* [Records drawn from a dataset]
━━━━━━━━━━━━━━━━

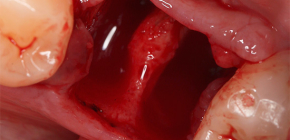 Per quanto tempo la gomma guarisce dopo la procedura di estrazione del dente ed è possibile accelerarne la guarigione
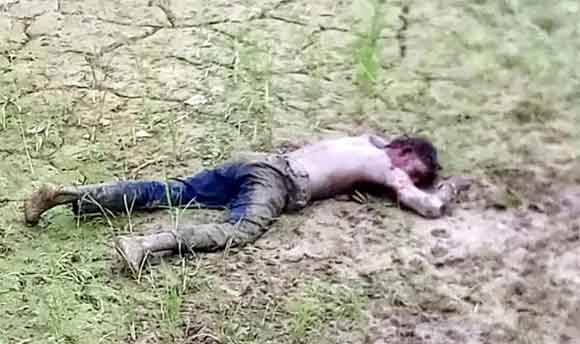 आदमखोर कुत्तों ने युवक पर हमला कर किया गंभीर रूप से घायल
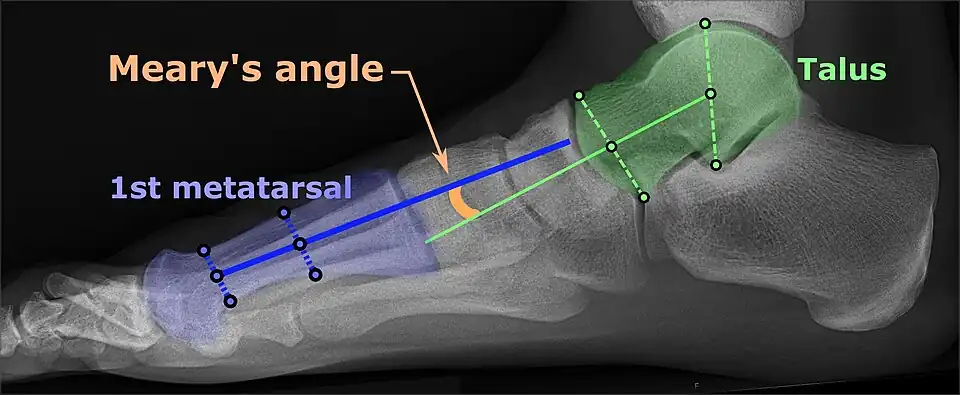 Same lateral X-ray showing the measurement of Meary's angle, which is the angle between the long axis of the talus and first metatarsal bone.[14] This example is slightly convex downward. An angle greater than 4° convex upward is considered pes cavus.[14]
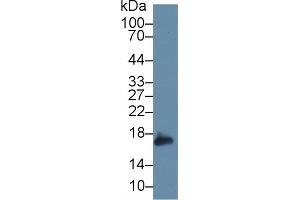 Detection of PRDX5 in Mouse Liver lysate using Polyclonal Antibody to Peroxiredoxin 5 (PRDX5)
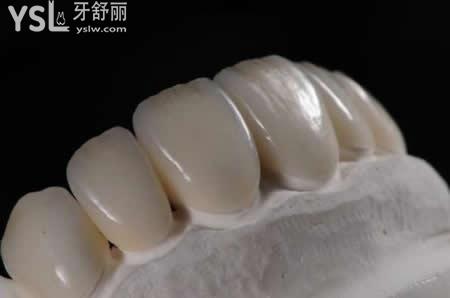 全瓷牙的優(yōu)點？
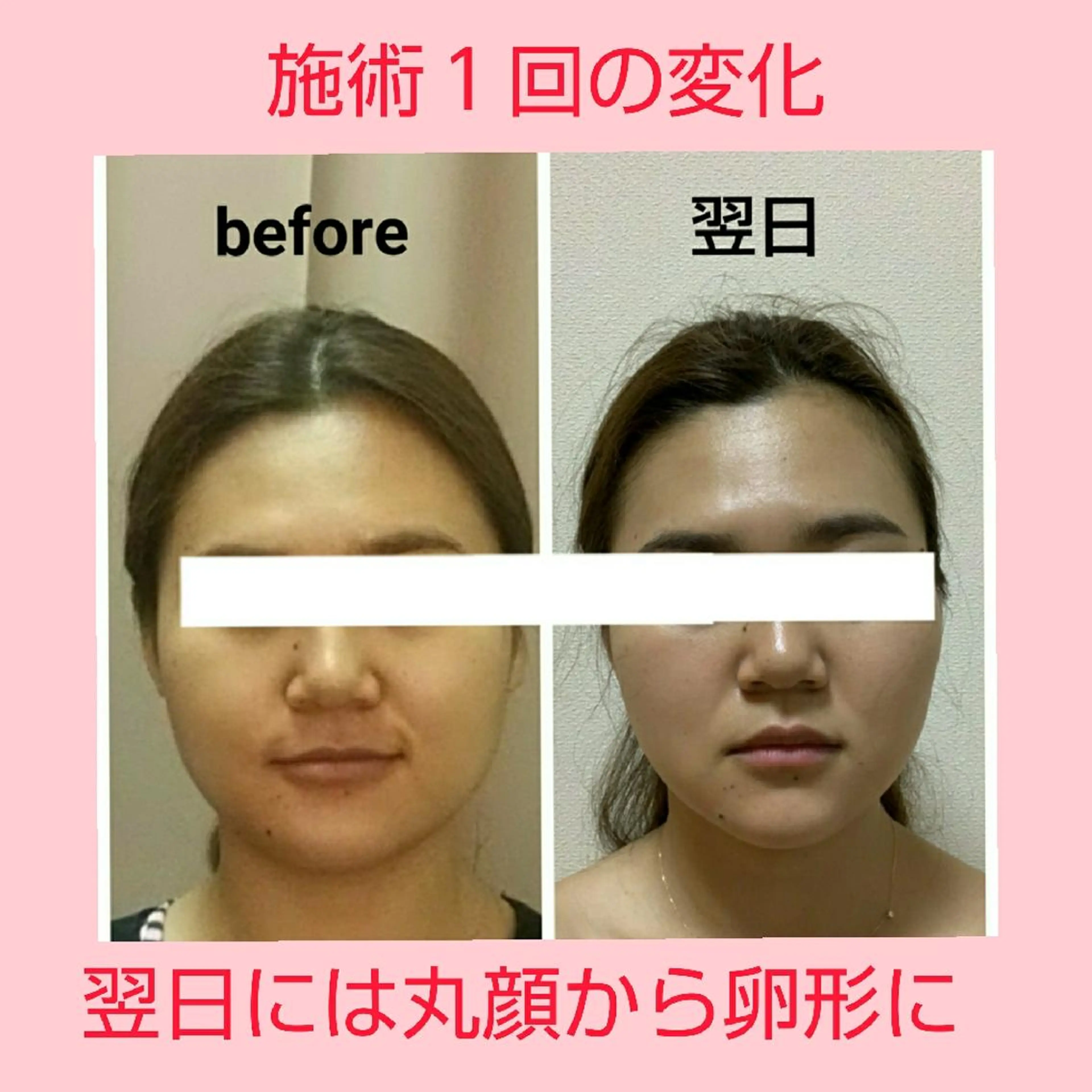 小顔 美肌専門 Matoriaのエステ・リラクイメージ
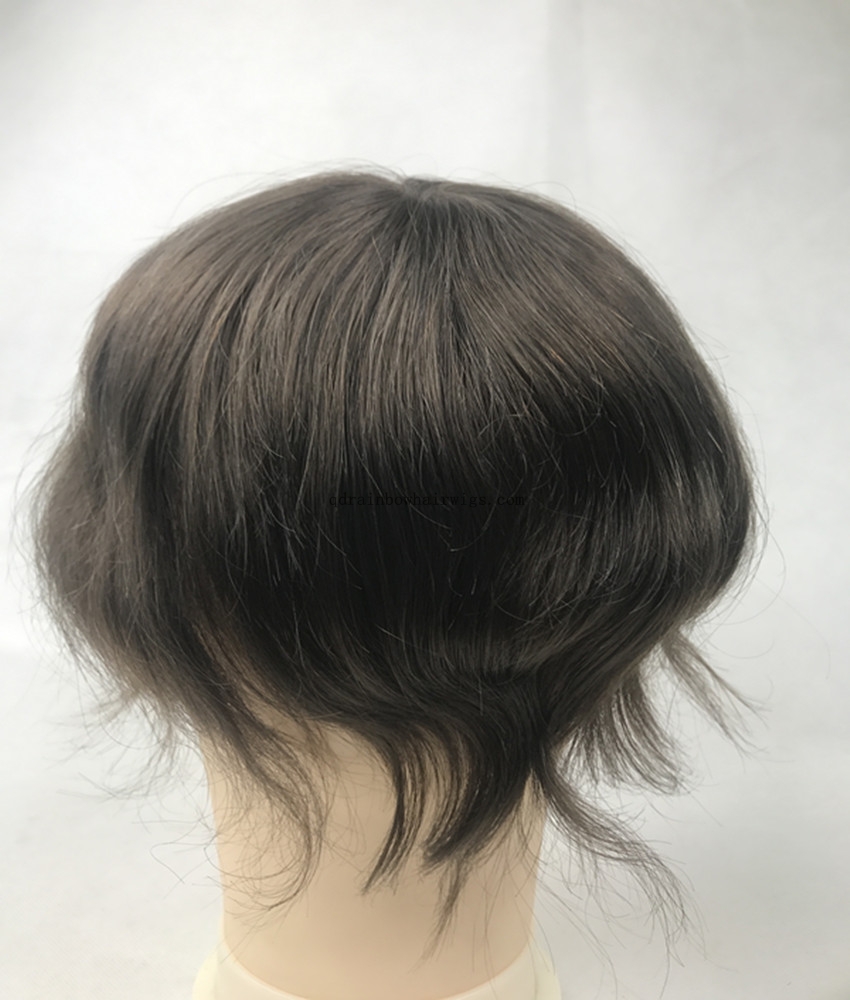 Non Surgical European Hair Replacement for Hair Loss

━━━━━━━━━━━━━━━━

* [Task to carry out] Every line from the one that holds "Detection of PRDX5" to the last line of the records above goes into the answer, exactly as written; nothing else does, and no picture does either.

* [Your solution]
 Detection of PRDX5 in Mouse Liver lysate using Polyclonal Antibody to Peroxiredoxin 5 (PRDX5)
 全瓷牙的優(yōu)點？
 小顔 美肌専門 Matoriaのエステ・リラクイメージ
 Non Surgical European Hair Replacement for Hair Loss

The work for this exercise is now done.